> Stored data

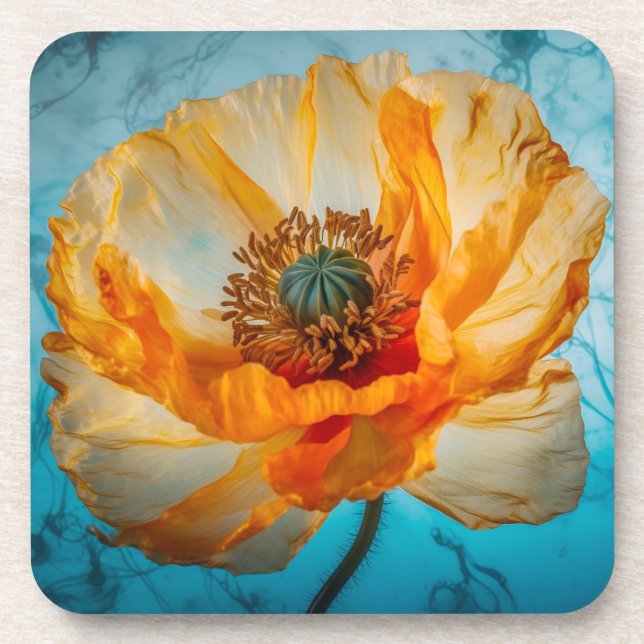 Porta-copo Orange Beauty (Frente)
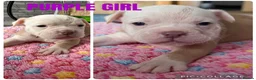 Olde English Bulldogge dogs for sale: READY TO LEAVE 3 old English bulldog  - Advert 26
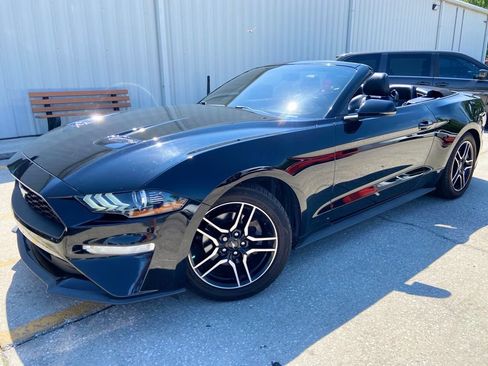 Used 2019 Ford Mustang Premium RWD image 13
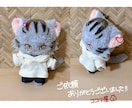 世界に１つ！推しぬい作ります 大好きな気持ちをぬいぐるみにしませんか？？ イメージ7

> Activity
Where an image appears in the data, skip it, and return the rest verbatim.

> Output below
 Porta-copo Orange Beauty (Frente)
 Olde English Bulldogge dogs for sale: READY TO LEAVE 3 old English bulldog  - Advert 26
 Used 2019 Ford Mustang Premium RWD image 13
 世界に１つ！推しぬい作ります 大好きな気持ちをぬいぐるみにしませんか？？ イメージ7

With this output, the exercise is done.